I really, really, really dislike religion in general and specific. But at the same time, that’s my value and choice and it should be up to the individual if they want to follow their fantasies the way they want to.
I’m of the opinion that laws that are perceived as specifically targeting Muslim communities is more likely to create terrorists than leaving people alone.
In that sense I’m generally against this. However, I agree with the public safety aspect of it --there are laws in most areas in the US against wearing masks in public, due in part to the KKK and other criminals. I’m down for that. But it doesn’t seem like that’s how they’re framing this argument at all.
“Over my dead body” is a little strong, but the general sentiment is close enough.
I don’t have any issues with requiring a temporary removing of veils for immediate security reasons. For example I’m fully on board for requiring it for photo I.D.'s or if a law enforcement officer requests it for some real reason ( like checking a photo I.D. ).
But a permanent ban raises a number of issues, including:
1.) Abridgement of religious freedom.
2.) Personal humiliation for those raised with them ( or have just chosen to wear them as adults ) who would be embarrassed to be in public without one.
3.) Backfiring by limiting the movement of women who might now be subject to greater confinement by zealous male relatives.
4.) Alienating and thereby possibly helping to radicalize the affected population ( this happened to the Shah ).

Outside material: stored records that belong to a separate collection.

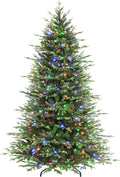 hykolity 7.5 ft prelit christmas tree with realistic, main product view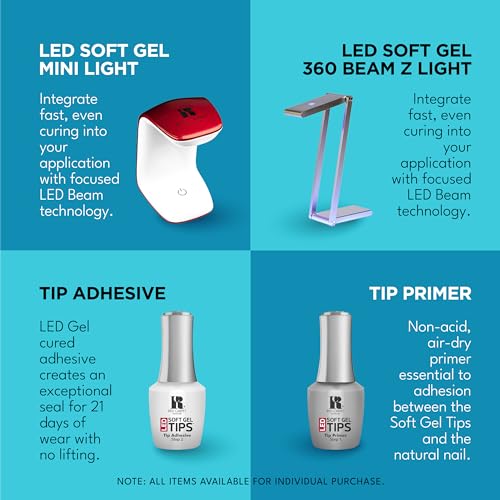 Red Carpet Manicure LED Soft Gel Tip Adhesive - 9ml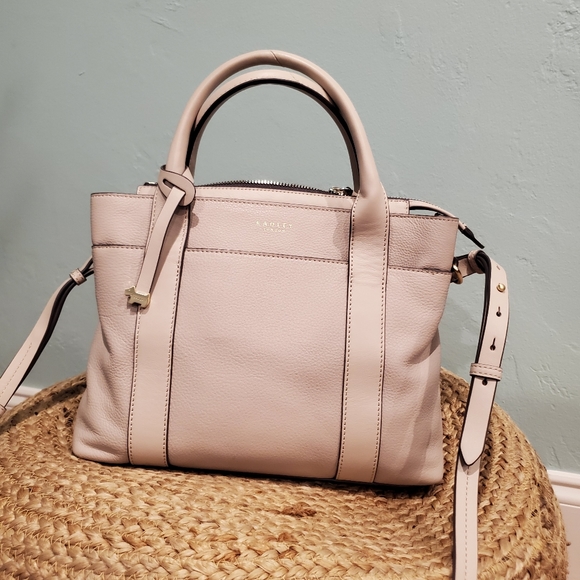 RADLEY London Light Beige/Grey Leather Bag - Picture 4 of 11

It is a requirement of Islam that both men and women dress “modestly”. That has often (although hardly unanimously) been interpreted to mean that women should cover their heads.

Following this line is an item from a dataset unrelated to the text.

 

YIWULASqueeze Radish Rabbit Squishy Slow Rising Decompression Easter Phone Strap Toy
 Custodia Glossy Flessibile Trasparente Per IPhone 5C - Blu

FWIW, Jews have similar strictures, which is why very Orthodox Jewish women of Eastern European extraction wear wigs. (This is a sort of Ashkenazi tradition. Very Orthodox Mizrachi women will often wear headscarves similar to those of Muslim women.)
ETA: For further clarification, women wearing the veil is an ancient Arab cultural idea of female modesty that has been exported to non-Arab Muslim country. AFAIK, there’s nothing in say, Malaysian or Turkish or Iranian culture that would view wearing veils as necessary for modesty, but it was absorbed into those cultures along with Islam.
I don’t agree with Muslim-predominant countries requiring women to wear burka/hijab; and I don’t agree with laws banning them either. Respect women enough to let us decide what the hell we want to wear.
Problematic. The basic Qur’anic injunction is as Kyla stated - ‘modesty’. How that is defined is thorny, though at least covering the hair seems pretty widely ( but not universally ) accepted. Those that favor face-veiling as mandatory point to a variety of hadith to back their more specific claims. Or to put it another way, you can certainly make an argument that it is religiously mandated, just as some Jews and Christians have in times past.
It’s certainly a minority view, but a minority in the millions. Let’s call it a potential abridgement and not something I’d care to argue in front of the Supreme Court ;).
I mean, France is a country that offers its citizens great rights-so if Islamic immigrants don’t like their laws, they can leave! What right do immigrantshave, to push their values on the rest of French society?
I would not want to live in a strongly islamic country-firts because I don’t like the culture, and second, because i believe in the separation of church and state.
If the immigrants don’t like the local culture, then why do they come?
It’s fascistic in effect to dictate a type of garment women must wear in public, be it women or men wo do the dictating. Enforcing a law that abolishes this type of fascism is absolutely necessary. If any native European group went public with demands on how their kind must dress, there’d be an uproar and no demands of needing to understand different cultures would be heard.
What if it can be proved it isn’t really what they’d choose to wear? Many of the middle eastern girls that I went to high school with would have loved such clothing to be illegal. They dreaded growing up and having to wear the full coverings.
Well, if you’re looking for someone in a burqua, then the answer is easy. If you’re looking for a specific face (as is usually the case), then…
I’d also throw out there that this style of dress is IMO (and I’m pretty sure I’m not alone) a cultural throwback to an age of unabashed inequality. I don’t know the tenets of Islam enough to know if it clearly subjugates women. But I definitely see a clear link between Muslims and cultures where this subjugation is practiced. As far as I’m concerned, this cultural philosophy needs a rude shove into the 21st century, and the stripping away of the burqua should be a part of that leap forward. And maybe a law to that effect is the first step in that direction.
I know that the first report I see wherein terrorists use burquas to conceal themselves will push me right off the fence. The two long poles in France’s argument are that the dress can be a gateway to radicals, and the public security thing. I think if France could come up with some solid links rather than hypotheticals to support those two, it would have a strong case.